5. For each skill listed in any posting, report the skill and the number of resumes that list that skill at level 1,
at level 2, and so on.
Tips: By now, you should be able to break this down. Here are some specific bits of XQuery that may be
helpful:
• If an expression returns a sequence that includes duplicates, you can remove them by putting the expression inside a call to function distinct-values.
• Remember that you can nest expressions arbitrarily. For example, a return can include a whole FLWOR
expression
• XQuery has a counted loop. Example: for $i in 1 to 100
Store each query in a separate file, and call these q1.xq through q5.xq.
Here are a few general XQuery reminders:
• Remember all the kinds of expression: path expressions, FLWOR expressions, if expressions, some expressions, every expressions, and expressions formed with the set operators union, intersect, and except.
• XQuery is an expression language. Each query is an expression, and we can nest expressions arbitrarily.

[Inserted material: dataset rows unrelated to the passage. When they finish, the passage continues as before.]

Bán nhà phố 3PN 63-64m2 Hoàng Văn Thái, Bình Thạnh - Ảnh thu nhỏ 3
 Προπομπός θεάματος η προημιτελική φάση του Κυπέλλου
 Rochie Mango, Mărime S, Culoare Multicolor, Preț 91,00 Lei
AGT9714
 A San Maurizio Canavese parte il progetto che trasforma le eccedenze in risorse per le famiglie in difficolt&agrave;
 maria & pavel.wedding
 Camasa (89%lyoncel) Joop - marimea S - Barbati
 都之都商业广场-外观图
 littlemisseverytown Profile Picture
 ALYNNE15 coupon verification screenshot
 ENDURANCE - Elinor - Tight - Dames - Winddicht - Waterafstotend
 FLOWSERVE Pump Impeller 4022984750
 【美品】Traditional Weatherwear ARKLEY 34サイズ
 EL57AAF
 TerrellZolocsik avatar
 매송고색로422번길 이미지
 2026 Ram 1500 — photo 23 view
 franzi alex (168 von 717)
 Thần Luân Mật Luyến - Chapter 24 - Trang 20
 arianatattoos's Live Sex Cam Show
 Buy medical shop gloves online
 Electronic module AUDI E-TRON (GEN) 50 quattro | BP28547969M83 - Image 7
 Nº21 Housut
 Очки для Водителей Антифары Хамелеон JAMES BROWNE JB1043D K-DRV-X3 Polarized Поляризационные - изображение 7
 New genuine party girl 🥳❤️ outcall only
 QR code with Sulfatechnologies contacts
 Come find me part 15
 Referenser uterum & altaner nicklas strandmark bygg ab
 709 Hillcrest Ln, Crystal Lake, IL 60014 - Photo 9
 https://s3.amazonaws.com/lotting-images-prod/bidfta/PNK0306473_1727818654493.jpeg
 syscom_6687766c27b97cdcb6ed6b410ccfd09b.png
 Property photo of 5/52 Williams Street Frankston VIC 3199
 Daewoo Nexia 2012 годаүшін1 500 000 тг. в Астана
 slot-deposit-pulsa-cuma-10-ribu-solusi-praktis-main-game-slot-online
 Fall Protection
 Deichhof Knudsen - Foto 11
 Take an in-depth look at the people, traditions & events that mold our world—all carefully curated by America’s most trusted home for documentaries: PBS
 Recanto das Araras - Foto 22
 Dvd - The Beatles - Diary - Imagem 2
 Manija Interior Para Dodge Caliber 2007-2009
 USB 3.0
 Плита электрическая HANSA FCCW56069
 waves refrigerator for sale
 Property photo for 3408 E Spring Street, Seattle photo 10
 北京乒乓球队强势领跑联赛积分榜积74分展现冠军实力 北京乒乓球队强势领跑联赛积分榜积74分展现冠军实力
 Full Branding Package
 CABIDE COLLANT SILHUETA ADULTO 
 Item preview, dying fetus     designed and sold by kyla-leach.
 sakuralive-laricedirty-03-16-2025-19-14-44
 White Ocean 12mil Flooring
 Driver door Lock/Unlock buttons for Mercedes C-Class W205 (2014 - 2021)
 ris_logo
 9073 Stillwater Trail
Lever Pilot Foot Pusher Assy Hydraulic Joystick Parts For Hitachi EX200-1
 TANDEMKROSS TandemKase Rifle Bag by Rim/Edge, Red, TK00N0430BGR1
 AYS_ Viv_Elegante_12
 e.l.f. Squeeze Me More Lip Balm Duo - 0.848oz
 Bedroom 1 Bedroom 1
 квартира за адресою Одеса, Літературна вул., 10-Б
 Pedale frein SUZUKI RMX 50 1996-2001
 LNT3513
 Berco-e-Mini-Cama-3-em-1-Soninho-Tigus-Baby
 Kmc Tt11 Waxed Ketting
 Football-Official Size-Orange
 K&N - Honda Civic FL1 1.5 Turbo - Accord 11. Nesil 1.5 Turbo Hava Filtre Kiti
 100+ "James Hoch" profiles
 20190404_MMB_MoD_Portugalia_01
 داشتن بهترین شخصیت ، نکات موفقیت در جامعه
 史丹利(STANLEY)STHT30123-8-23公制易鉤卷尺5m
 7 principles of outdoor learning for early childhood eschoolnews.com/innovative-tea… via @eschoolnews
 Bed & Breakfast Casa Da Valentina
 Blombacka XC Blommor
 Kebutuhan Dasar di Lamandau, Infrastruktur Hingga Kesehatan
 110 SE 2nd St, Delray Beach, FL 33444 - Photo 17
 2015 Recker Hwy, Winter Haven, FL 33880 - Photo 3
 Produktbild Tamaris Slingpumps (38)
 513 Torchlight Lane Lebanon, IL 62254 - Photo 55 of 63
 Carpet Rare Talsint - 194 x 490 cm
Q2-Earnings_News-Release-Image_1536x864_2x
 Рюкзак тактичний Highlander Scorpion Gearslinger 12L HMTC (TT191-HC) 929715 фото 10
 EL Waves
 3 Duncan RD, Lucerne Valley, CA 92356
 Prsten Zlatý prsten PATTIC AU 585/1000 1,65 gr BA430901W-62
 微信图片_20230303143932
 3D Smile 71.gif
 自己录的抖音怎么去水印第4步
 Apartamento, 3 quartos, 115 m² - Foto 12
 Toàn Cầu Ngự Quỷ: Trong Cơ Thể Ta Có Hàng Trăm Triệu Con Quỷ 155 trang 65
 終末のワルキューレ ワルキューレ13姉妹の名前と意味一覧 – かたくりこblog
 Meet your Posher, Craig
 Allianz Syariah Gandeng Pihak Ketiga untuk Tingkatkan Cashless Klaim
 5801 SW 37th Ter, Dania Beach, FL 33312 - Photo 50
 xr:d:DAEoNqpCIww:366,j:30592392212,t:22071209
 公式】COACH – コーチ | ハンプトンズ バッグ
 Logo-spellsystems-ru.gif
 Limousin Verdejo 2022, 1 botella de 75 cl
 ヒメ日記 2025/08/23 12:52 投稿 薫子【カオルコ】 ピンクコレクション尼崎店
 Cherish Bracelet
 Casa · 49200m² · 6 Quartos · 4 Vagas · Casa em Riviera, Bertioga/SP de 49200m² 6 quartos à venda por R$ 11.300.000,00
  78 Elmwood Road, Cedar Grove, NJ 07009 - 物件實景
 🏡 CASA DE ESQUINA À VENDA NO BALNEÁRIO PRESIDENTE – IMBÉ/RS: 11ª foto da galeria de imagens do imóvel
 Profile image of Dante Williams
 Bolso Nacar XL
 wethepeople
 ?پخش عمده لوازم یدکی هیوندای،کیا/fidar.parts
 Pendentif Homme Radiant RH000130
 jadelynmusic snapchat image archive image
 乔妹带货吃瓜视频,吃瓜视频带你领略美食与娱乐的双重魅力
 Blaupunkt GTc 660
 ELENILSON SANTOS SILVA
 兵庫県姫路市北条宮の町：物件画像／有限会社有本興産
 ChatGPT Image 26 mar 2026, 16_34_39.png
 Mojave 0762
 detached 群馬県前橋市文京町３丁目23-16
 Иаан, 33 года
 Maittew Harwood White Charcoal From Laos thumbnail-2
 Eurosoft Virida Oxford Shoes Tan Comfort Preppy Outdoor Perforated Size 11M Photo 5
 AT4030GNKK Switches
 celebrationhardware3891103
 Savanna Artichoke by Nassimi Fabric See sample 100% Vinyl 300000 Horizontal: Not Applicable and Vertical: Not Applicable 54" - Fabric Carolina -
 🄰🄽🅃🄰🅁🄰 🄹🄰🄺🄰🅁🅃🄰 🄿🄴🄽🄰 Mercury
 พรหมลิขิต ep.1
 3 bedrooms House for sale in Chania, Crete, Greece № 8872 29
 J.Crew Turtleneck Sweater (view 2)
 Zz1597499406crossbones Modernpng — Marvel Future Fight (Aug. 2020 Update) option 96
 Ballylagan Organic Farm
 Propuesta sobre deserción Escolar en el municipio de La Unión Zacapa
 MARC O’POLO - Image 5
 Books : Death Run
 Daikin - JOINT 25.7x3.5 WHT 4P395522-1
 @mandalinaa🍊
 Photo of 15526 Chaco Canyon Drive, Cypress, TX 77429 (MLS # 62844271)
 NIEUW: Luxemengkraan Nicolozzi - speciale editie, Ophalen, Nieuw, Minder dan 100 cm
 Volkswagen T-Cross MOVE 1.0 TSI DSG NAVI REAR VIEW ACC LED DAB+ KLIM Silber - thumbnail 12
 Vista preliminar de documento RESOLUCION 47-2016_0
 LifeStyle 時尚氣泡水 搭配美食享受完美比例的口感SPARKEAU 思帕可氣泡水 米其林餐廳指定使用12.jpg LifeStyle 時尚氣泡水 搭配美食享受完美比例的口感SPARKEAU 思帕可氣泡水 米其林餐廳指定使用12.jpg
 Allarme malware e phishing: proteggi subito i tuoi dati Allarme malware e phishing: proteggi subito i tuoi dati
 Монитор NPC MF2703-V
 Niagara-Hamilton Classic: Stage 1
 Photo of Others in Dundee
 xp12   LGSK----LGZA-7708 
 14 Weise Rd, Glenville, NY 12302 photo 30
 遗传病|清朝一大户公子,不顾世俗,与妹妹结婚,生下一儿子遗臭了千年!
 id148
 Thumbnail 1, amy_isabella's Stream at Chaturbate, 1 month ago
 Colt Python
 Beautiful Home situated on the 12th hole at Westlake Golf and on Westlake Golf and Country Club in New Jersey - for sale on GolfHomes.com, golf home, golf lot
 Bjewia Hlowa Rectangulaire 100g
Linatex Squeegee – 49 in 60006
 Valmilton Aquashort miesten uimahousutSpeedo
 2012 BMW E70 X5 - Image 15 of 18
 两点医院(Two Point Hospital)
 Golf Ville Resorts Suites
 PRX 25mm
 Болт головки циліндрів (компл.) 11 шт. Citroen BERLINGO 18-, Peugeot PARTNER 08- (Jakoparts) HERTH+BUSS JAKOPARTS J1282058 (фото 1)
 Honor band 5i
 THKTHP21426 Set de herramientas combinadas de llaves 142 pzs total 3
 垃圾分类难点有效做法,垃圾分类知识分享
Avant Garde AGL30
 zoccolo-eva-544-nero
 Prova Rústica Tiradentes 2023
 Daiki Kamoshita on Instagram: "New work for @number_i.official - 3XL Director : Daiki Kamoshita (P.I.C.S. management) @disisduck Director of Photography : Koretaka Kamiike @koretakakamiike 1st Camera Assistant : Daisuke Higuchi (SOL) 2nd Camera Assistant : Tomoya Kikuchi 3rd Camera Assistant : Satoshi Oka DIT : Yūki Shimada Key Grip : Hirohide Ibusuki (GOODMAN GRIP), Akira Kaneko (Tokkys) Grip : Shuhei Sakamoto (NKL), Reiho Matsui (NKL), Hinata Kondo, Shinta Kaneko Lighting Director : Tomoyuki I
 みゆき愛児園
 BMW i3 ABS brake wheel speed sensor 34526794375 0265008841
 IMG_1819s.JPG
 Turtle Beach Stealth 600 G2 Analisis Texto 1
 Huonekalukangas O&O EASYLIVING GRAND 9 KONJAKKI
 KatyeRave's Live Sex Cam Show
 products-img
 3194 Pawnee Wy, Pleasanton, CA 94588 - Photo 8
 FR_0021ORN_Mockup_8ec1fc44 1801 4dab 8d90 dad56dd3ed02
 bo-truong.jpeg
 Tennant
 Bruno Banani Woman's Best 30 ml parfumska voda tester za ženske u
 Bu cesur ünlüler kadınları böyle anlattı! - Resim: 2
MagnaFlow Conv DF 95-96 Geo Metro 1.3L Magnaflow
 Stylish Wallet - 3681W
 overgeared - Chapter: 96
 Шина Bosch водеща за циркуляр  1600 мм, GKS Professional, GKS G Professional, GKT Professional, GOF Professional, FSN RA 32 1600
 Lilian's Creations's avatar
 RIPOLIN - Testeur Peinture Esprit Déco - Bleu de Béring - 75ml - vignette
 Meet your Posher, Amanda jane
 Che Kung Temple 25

What to hand in for Part 2
Hand in your query files: q1.xq through q5.xq. You may work at home, but you must make sure that your code
runs on the cdf machines.
4
Part 3: Functional Dependencies, Decompositions, and Normal Forms
1. Consider a relation schema R with attributes ABCDEF GHIJK with functional dependencies S.
S = { I → DGF, H → CEA, BI → J, B → H, CI → K }
(a) State which of the given FDs violate BCNF.
(b) Employ the BCNF decomposition algorithm to obtain a lossless and redundancy-preventing decomposition of relation R into a collection of relations that are in BCNF. Make sure it is clear which relations
are in the final decomposition, and don’t forget to project the dependencies onto each relation in that
final decomposition. Because there are choice points in the algorithm, there may be more than one
correct answer. List the final relations in alphabetical order (order the attributes alphabetically within
a relation, and order the relations alphabetically).
2. Consider a relation P with attributes ABCDEF GH and functional dependencies T.
T = { ACDE → B, BF → AD, B → CF, CD → AF, ABF → CDH }
(a) Compute a minimal basis for T. In your final answer, put the FDs into alphabetical order. Within a
single FD, this means stating an FD as XY → A, not as Y X → A. Also, list the FDs in alphabetical
order ascending according to the left-hand side, then by the right-hand side. This means, W X → A
comes before W XZ → A which comes before W XZ → B.
(b) Using your minimal basis from the last subquestion, compute all keys for P.
(c) Employ the 3NF synthesis algorithm to obtain a lossless and dependency-preserving decomposition of
relation P into a collection of relations that are in 3NF. Do not “over normalize”, this means that you
should combine all FDs with the same left-hand side into a single relation. If your schema includes one
relation that is a subset of another, remove the smaller one.
(d) Does your schema allow redundancy? Explain how you know that it does or does not.
Show all of your steps so that we can give part marks where appropriate. There are no marks for simply a
correct answer. If you take any shortcuts, you must explain why they are justified.
What to hand in for Part 3
Type your answers up using LaTeX or Word. Hand in your typed answers, in a single pdf file called part3.pdf.
Final thoughts
Submission: Well before the due date, declare your team on MarkUs. It is impossible to do so during the grace
period, even if you have grace points you are going to use. Also, check that you have submitted the correct version
of your files by downloading it from MarkUs; new files will not be accepted after the due date.
Marking: The marking scheme will be approximately this: Part 1 30%, Part 2 40%, and Part 3 30%.
Some parting advice: It will be tempting to divide the assignment up with your partner. Remember that both
of you probably want to answer all questions the final exam.
5